One thing a 10 inch tablet is best suited for, is reading- especially comics. In fact, that's the sole reason I've been obsessing over a decent tablet for so long. And I was right.

If you like reading comics too, I implore you to try Road to Perdition. Written by Max Allan Collins and drawn beautifully by Richard Piers Rayner, this 300 page long GN is a beauty to behold from the very first frame. No wonder they made a movie out of it. (Starring Tom Hanks, Paul Newman, Daniel Craig and Jude Law, and directed by Sam Mendes, the movie won an Oscar for cinematography in 2002. But you probably know that, so let's talk about the GN.)

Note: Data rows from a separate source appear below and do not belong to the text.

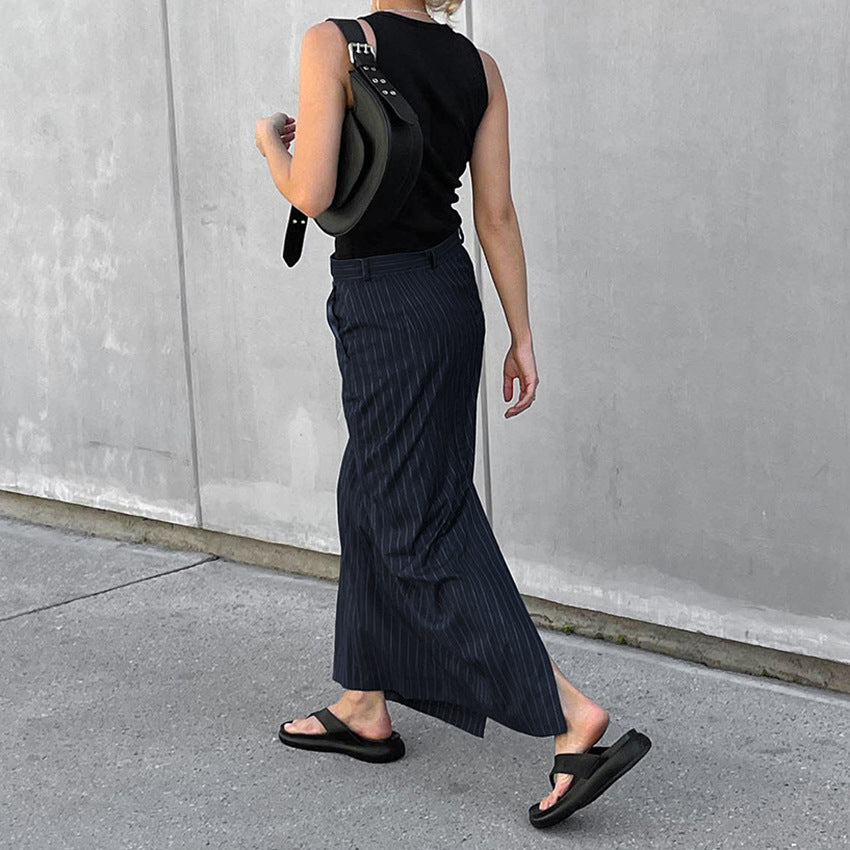 Office Slim Fit High Waist Striped Slit Straight Skirt Autumn Women Clothing - ALZO
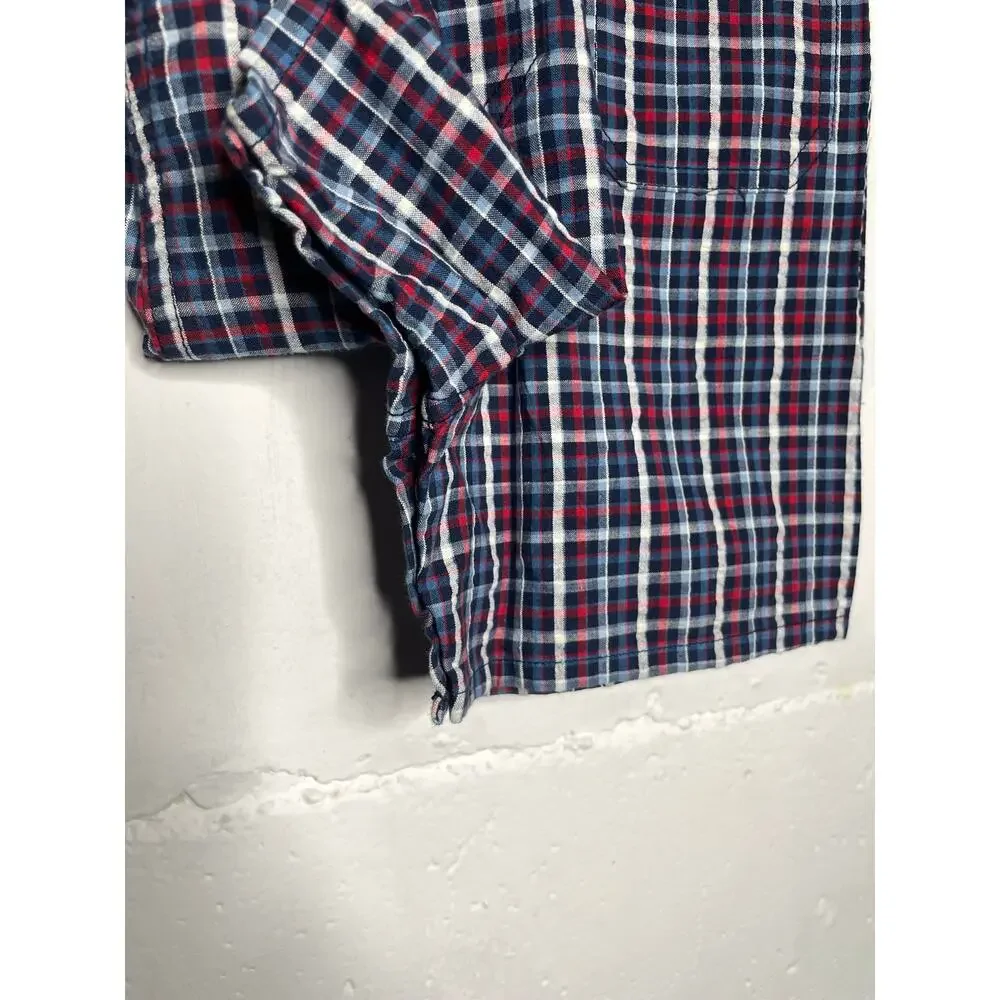 NEW Vintage Oshkosh baby Overalls Plaid Red Blue Size 12 Months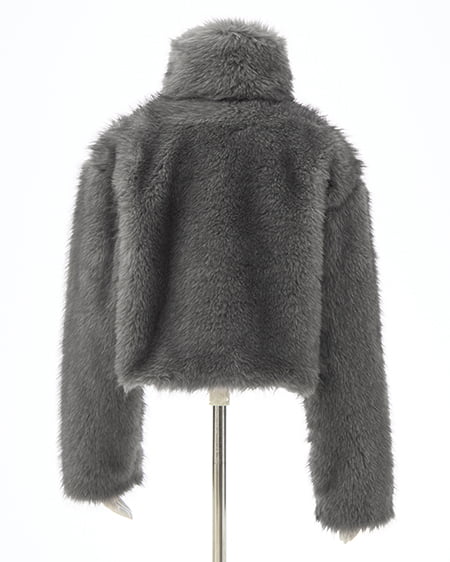 INGNI(イング) マグネットボタンスタンドカラーエコファーコート グレー/ミックスA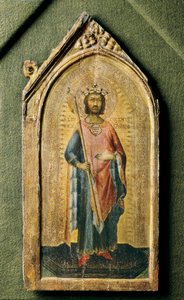 Portret van Sint Ladislaus, door Simone Martini, tempera op hout ca. 1326 door Simone Martini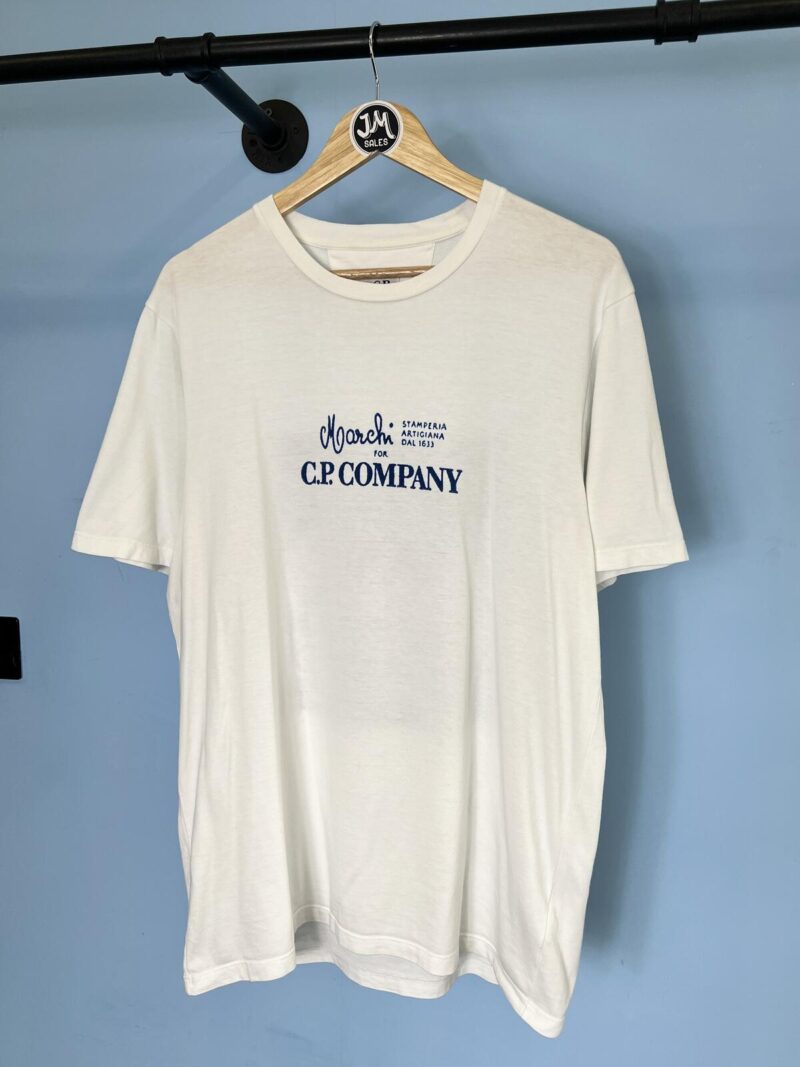 Large C.P. Company White Graphic Marchi Print T-Shirt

A little research will tell you that the story is loosely based on the Japanese manga series Lone Wolf and Cub.

The lead character Michael O'Sullivan, known as Archangel of Death or simply the Angel, is betrayed by his Irish mob boss after his son witnesses a mob hit in progress. The boss' ruthless son also kills Mike's wife and younger son. With the elder son in tow, the angel declares a war on his own gang as well as their more powerful associates from Chicago- The Al Capone gang. The story is loosely based on actual events and set in the American Midwest during the Great Depression and draws upon several historical figures, especially the gangster John Patrick Looney and Al Capone.

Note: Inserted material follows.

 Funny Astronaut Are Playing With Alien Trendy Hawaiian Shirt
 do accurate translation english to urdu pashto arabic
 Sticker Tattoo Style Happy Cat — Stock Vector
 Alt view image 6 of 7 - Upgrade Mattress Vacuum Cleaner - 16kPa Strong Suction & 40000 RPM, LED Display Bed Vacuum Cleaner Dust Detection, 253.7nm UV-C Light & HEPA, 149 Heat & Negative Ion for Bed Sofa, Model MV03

So what makes me rave about the GN?

  • The mood. This is one story where Black and White art actually enhances the reading experience, giving it a very grim and Noir ambiance, further accentuated by a very James Ellroy-ish style of story-telling.
  • The story is sequential and simplistic. The result is much more powerful than you'd suspect. It gives the novel an old world appeal, as if the story is from a time when people and their motives were simpler, way more black and white instead of gray.
  • The art is subtle and realistic. Overall, the impact is of witnessing real life events rather than entering a fictional world.

I suggest you grab a copy and experience this GN for yourself. Now!